● **TASK INSTRUCTIONS**
Every line from the one with "Revision Rhinoplasty Before" through the end of the entries below must be retyped exactly, and only those lines. The pictures are not part of the copy.

● **INPUT MATERIAL**

══════════

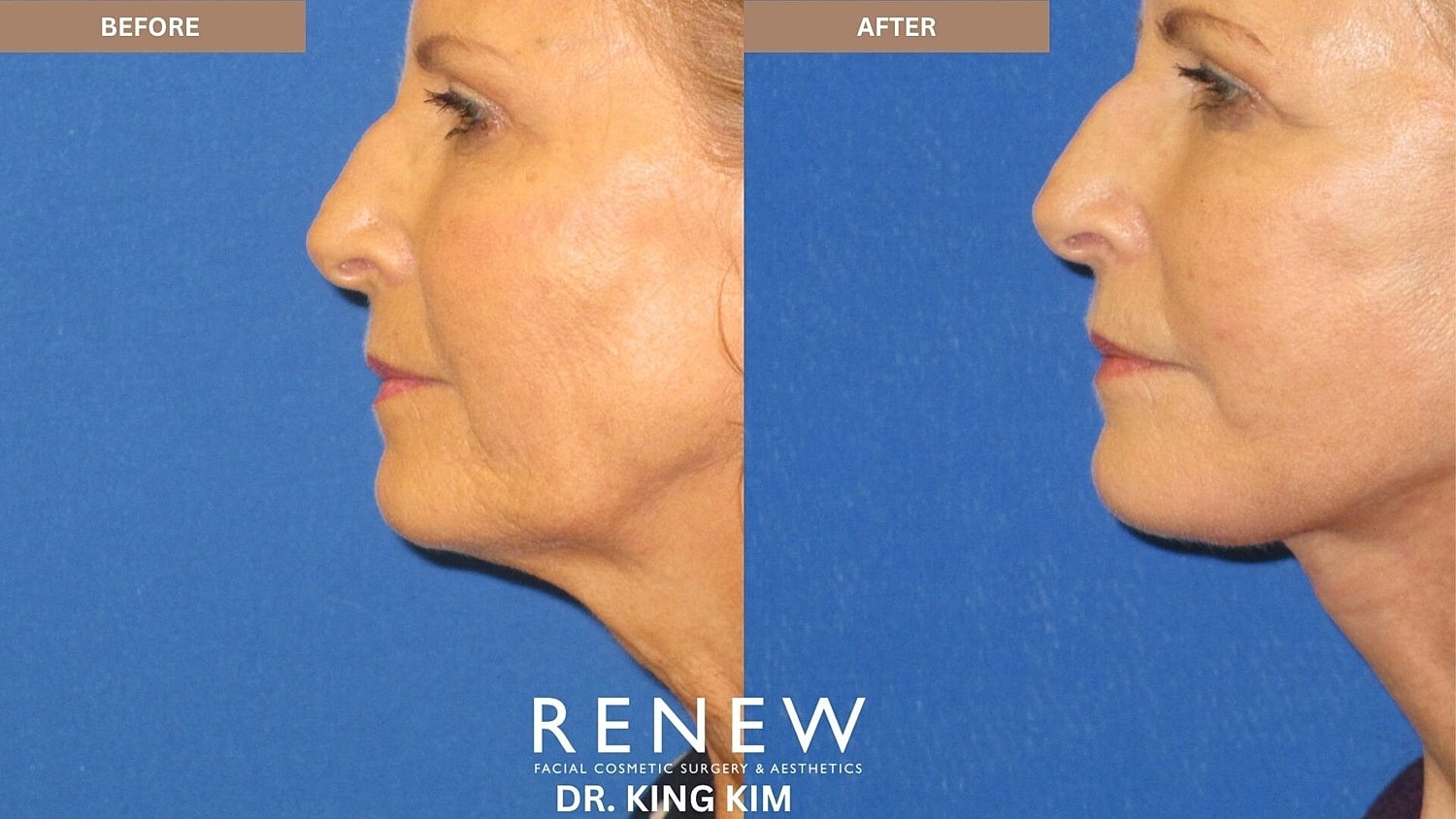 Mini Deep Plane Facelift Before & After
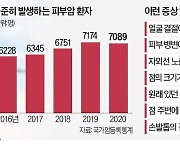 일광욕 후 점점 커지는 점·손발톱에 검은색 선…혹시 피부암일까?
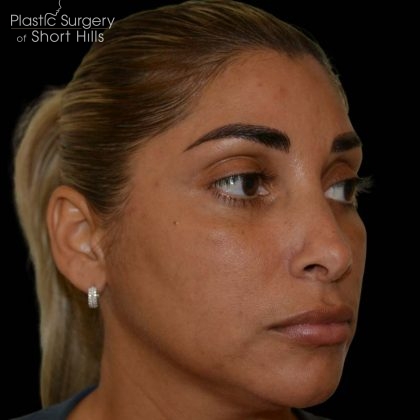 Revision Rhinoplasty Before & After Patient #16320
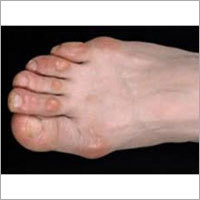 Foot Wear for Foot Corns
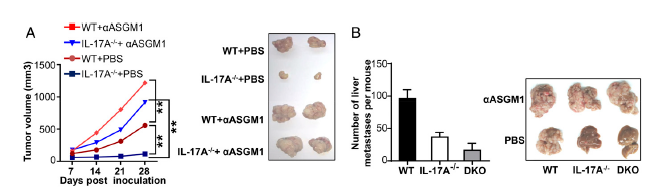 IL-17抑制NK细胞的抗肿瘤活性 图片来源：参考资料[1]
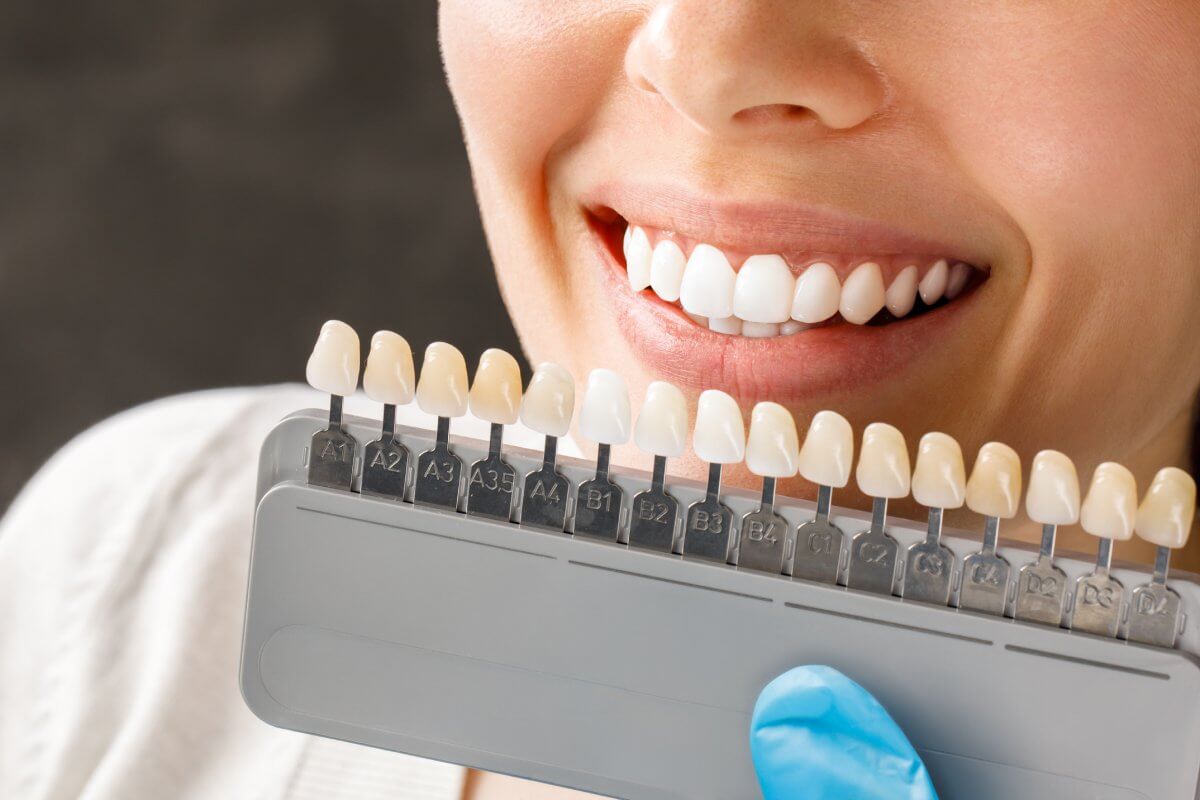 dental veneers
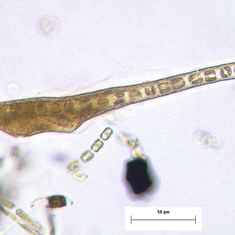 Gymnodiniod dinoflagellate with ingested diatom chain in the Oregon upwelling system
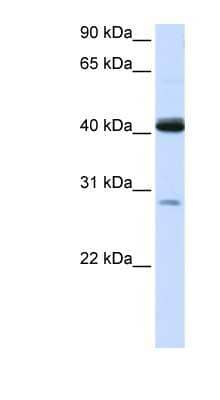 Western Blot: GCDH Antibody [NBP1-54641]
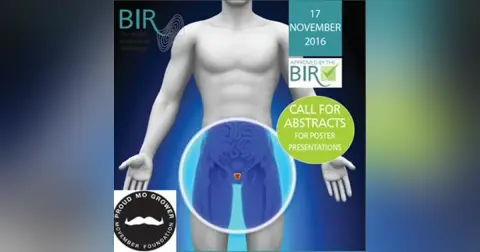 Prostate cancer commentary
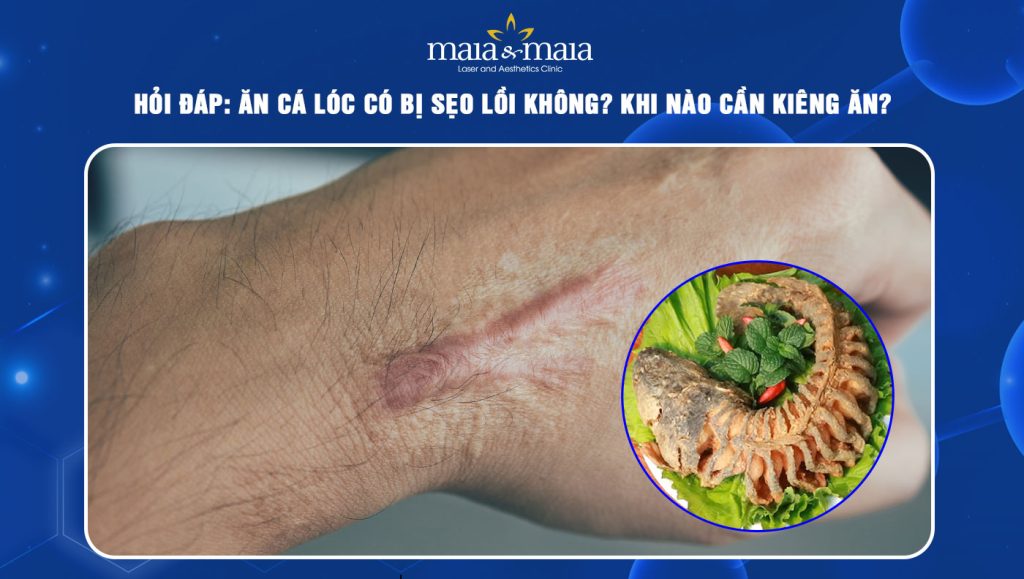 ăn cá lóc có bị sẹo lồi không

══════════

● **REPLY TO THE EXERCISE**
 Revision Rhinoplasty Before & After Patient #16320
 Foot Wear for Foot Corns
 IL-17抑制NK细胞的抗肿瘤活性 图片来源：参考资料[1]
 dental veneers
 Gymnodiniod dinoflagellate with ingested diatom chain in the Oregon upwelling system
 Western Blot: GCDH Antibody [NBP1-54641]
 Prostate cancer commentary
 ăn cá lóc có bị sẹo lồi không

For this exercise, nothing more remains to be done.